Gartner research suggests that by 2018, 90% of the deployed data lakes would be useless as they are overwhelmed with information. However, companies spend millions of dollars in storing this data in the repository. This growing need for fast data discovery has been identified by companies like Paxata, Trifacta and others. They provide a self-service Data Preparation Tool which 'swims' through the huge data lakes to fetch all the relevant data and helps analysts by providing clean, standardized and enriched data set collated from various data sources. According to New York Times, Analysts spend about 80% of their time in preparing data. These tools would thus bring a revolution in the world of analysts by helping them save a lot of time and efforts.

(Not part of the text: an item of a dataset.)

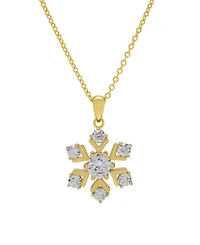 Macy's Cubic Zirconia Snowflake Pendant Necklace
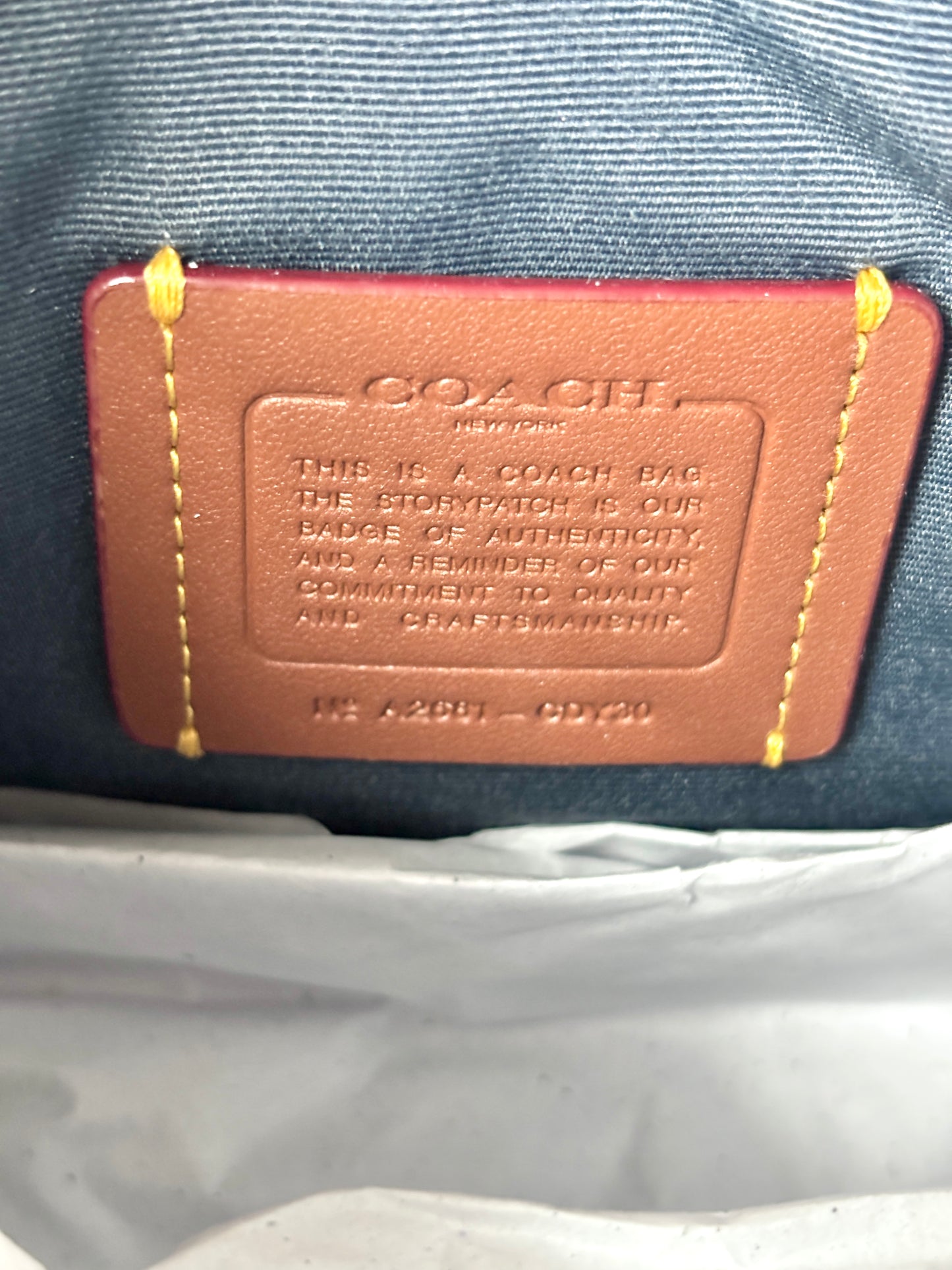 Coach Mini Rowan Crossbody Bag In Loved Denim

These tools are dynamic and visual with great user-interface with additional capabilities of smart-data discovery, in-built semantic library, data quality assurance etc.
The current market size of Data Preparation market is about $460 million and it is expected to grow at an estimated CAGR of 16.6%. It has been predicted that between now and 2020, spending on self-service visual discovery and data preparation tools will grow 2.5x faster than similar traditional IT-controlled tools. There has been quite a roar about data preparation tools undoing the dependency on IT. But is this really possible? Does Data Preparation shrink the scope of IT services industry or does it open up new doors of opportunity? In our opinion, IT services would serve as an enabler to these Data Preparation tools. These tools just provide a platform to collect data from various sources and further cleanse it. They cannot replace the need for formal / traditional data governance programs and robust data integration / extraction, transformation and loading solutions. They do not provide the expert advice to derive the right business insights. Services industry has a huge talent pool of SMEs with relevant domain knowledge and industry experience to help bring right insights hidden in the data. Another issue is that there are a lot of players in the data preparation market and hence, the small and nascent tool vendors would not be able to attract the customer competing with the market leaders. They need help of system integrators who have a huge trusted client network to sell their service and gain market share. What are your thoughts?